Now let’s look to solve for a vector that is parallel to our line. We’ll call this vector 𝐩. If we look at the form in which the equation of our line is given, we can find a vector that’s parallel to this line by looking for the scale factor; in this case it’s called 𝑡. The vector that multiplies the scale factor is parallel to our line. We can say then that the components of 𝐩 are two, one, and negative one. Now that we have our vector normal to our plane and a vector parallel to our line, we can recall the general equation that the sin of the angle 𝛼 between a plane and a line is equal to the magnitude of the dot product of a vector parallel to the line and one normal to the plane all divided by the product of the magnitude of each of these vectors.

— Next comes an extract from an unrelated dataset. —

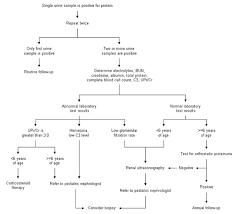 This calculator is for people aged 18 years or older. Evaluating Proteinuria In Children American Family Physician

To solve for 𝛼 then, we can go about calculating this numerator and denominator and then bringing them together. The magnitude of 𝐩 dot 𝐧 using our 𝐩 and 𝐧 vectors equals the magnitude of two, one, negative one dotted with nine, negative nine, two. This equals the magnitude of 18 minus nine minus two or seven. Knowing this result, now let’s calculate the denominator of our fraction. This equals the square root of the sum of the squares of two, one, and negative one times the square root of the sum of the squares of nine, negative nine, and two. That equals this expression or the square root of six times the square root of 166, which equals the square root of 996.
We can now say that the sin of the angle 𝛼 equals seven over the square root of 996. And if we rationalize our denominator, this equals seven times the square root of 996 over 996. And then we note that 996 is equal to four times 249. Written this way, we can bring the four outside of the square root, where it becomes a two. It turns out, though, that 996 is divisible by two. So if we divide numerator and denominator of this fraction by two, we find it equals seven times the square root of 249 divided by 498. So if the sin of 𝛼 is equal to this expression, then 𝛼 is the inverse sin of seven times the square root of 249 over 498.
Now, if we evaluate this on our calculator, we find a result of about 13 degrees. This confirms to us that, indeed, we’ve solved for the smaller of the two angles of intersection between our line and the plane. Our result matches up with answer option (A). The smaller angle between this line and plane is the inverse sin of seven times the square root of 249 divided by 498.